# Aim of the exercise
What you give back must match the records below word for word.

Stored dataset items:

=== Section Start ===

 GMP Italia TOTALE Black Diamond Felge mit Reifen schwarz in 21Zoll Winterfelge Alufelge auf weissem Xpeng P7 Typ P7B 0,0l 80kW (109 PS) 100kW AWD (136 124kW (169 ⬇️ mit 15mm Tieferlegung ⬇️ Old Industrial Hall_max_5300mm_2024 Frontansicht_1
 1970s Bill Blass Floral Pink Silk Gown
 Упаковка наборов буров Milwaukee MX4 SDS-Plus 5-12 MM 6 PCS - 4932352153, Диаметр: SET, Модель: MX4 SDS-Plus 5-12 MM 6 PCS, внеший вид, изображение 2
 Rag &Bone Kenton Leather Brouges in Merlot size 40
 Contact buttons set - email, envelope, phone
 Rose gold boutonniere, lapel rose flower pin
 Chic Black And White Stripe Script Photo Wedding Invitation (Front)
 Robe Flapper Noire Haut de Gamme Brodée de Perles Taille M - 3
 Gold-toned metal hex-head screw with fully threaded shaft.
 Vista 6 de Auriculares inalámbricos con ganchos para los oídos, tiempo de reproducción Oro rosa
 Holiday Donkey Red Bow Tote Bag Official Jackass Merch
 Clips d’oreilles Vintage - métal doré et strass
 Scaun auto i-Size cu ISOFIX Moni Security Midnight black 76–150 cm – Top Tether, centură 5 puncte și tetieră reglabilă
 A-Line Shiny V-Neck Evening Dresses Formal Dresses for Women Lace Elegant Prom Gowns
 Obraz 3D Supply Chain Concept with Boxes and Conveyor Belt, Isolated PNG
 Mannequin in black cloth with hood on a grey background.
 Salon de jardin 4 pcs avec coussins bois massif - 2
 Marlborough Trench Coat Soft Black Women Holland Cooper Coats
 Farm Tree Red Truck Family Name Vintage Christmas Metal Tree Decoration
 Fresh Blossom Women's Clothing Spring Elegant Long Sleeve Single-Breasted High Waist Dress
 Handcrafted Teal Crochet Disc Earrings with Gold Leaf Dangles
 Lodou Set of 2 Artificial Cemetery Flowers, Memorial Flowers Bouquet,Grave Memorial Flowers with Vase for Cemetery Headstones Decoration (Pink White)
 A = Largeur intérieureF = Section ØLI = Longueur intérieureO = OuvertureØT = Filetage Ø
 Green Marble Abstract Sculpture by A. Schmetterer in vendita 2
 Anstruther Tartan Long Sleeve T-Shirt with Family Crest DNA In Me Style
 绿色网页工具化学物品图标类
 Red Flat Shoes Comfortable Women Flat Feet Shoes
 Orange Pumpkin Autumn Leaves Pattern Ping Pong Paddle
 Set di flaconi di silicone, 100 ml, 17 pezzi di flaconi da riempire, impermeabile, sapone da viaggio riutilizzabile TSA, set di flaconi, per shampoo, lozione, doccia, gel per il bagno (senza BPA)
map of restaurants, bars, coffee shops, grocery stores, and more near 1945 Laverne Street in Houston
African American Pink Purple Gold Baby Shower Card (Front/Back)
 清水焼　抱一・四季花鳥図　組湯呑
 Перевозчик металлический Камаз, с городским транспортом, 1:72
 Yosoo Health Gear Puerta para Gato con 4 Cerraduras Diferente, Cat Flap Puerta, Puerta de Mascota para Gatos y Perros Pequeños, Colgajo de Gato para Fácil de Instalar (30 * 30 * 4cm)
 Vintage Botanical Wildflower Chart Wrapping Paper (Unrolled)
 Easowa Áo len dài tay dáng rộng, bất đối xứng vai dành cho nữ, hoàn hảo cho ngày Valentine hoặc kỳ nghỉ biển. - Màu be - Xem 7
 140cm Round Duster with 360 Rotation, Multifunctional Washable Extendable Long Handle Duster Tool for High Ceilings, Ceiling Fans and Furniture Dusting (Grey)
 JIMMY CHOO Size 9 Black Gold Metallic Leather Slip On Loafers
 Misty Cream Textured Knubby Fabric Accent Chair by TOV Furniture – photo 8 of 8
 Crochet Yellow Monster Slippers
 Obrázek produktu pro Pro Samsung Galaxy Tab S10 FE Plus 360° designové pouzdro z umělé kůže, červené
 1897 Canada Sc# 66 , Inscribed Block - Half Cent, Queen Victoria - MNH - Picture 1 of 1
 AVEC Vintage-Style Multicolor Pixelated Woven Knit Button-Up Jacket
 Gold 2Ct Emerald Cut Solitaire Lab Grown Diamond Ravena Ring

=== Section End ===

# Response to this task
 GMP Italia TOTALE Black Diamond Felge mit Reifen schwarz in 21Zoll Winterfelge Alufelge auf weissem Xpeng P7 Typ P7B 0,0l 80kW (109 PS) 100kW AWD (136 124kW (169 ⬇️ mit 15mm Tieferlegung ⬇️ Old Industrial Hall_max_5300mm_2024 Frontansicht_1
 1970s Bill Blass Floral Pink Silk Gown
 Упаковка наборов буров Milwaukee MX4 SDS-Plus 5-12 MM 6 PCS - 4932352153, Диаметр: SET, Модель: MX4 SDS-Plus 5-12 MM 6 PCS, внеший вид, изображение 2
 Rag &Bone Kenton Leather Brouges in Merlot size 40
 Contact buttons set - email, envelope, phone
 Rose gold boutonniere, lapel rose flower pin
 Chic Black And White Stripe Script Photo Wedding Invitation (Front)
 Robe Flapper Noire Haut de Gamme Brodée de Perles Taille M - 3
 Gold-toned metal hex-head screw with fully threaded shaft.
 Vista 6 de Auriculares inalámbricos con ganchos para los oídos, tiempo de reproducción Oro rosa
 Holiday Donkey Red Bow Tote Bag Official Jackass Merch
 Clips d’oreilles Vintage - métal doré et strass
 Scaun auto i-Size cu ISOFIX Moni Security Midnight black 76–150 cm – Top Tether, centură 5 puncte și tetieră reglabilă
 A-Line Shiny V-Neck Evening Dresses Formal Dresses for Women Lace Elegant Prom Gowns
 Obraz 3D Supply Chain Concept with Boxes and Conveyor Belt, Isolated PNG
 Mannequin in black cloth with hood on a grey background.
 Salon de jardin 4 pcs avec coussins bois massif - 2
 Marlborough Trench Coat Soft Black Women Holland Cooper Coats
 Farm Tree Red Truck Family Name Vintage Christmas Metal Tree Decoration
 Fresh Blossom Women's Clothing Spring Elegant Long Sleeve Single-Breasted High Waist Dress
 Handcrafted Teal Crochet Disc Earrings with Gold Leaf Dangles
 Lodou Set of 2 Artificial Cemetery Flowers, Memorial Flowers Bouquet,Grave Memorial Flowers with Vase for Cemetery Headstones Decoration (Pink White)
 A = Largeur intérieureF = Section ØLI = Longueur intérieureO = OuvertureØT = Filetage Ø
 Green Marble Abstract Sculpture by A. Schmetterer in vendita 2
 Anstruther Tartan Long Sleeve T-Shirt with Family Crest DNA In Me Style
 绿色网页工具化学物品图标类
 Red Flat Shoes Comfortable Women Flat Feet Shoes
 Orange Pumpkin Autumn Leaves Pattern Ping Pong Paddle
 Set di flaconi di silicone, 100 ml, 17 pezzi di flaconi da riempire, impermeabile, sapone da viaggio riutilizzabile TSA, set di flaconi, per shampoo, lozione, doccia, gel per il bagno (senza BPA)
map of restaurants, bars, coffee shops, grocery stores, and more near 1945 Laverne Street in Houston
African American Pink Purple Gold Baby Shower Card (Front/Back)
 清水焼　抱一・四季花鳥図　組湯呑
 Перевозчик металлический Камаз, с городским транспортом, 1:72
 Yosoo Health Gear Puerta para Gato con 4 Cerraduras Diferente, Cat Flap Puerta, Puerta de Mascota para Gatos y Perros Pequeños, Colgajo de Gato para Fácil de Instalar (30 * 30 * 4cm)
 Vintage Botanical Wildflower Chart Wrapping Paper (Unrolled)
 Easowa Áo len dài tay dáng rộng, bất đối xứng vai dành cho nữ, hoàn hảo cho ngày Valentine hoặc kỳ nghỉ biển. - Màu be - Xem 7
 140cm Round Duster with 360 Rotation, Multifunctional Washable Extendable Long Handle Duster Tool for High Ceilings, Ceiling Fans and Furniture Dusting (Grey)
 JIMMY CHOO Size 9 Black Gold Metallic Leather Slip On Loafers
 Misty Cream Textured Knubby Fabric Accent Chair by TOV Furniture – photo 8 of 8
 Crochet Yellow Monster Slippers
 Obrázek produktu pro Pro Samsung Galaxy Tab S10 FE Plus 360° designové pouzdro z umělé kůže, červené
 1897 Canada Sc# 66 , Inscribed Block - Half Cent, Queen Victoria - MNH - Picture 1 of 1
 AVEC Vintage-Style Multicolor Pixelated Woven Knit Button-Up Jacket
 Gold 2Ct Emerald Cut Solitaire Lab Grown Diamond Ravena Ring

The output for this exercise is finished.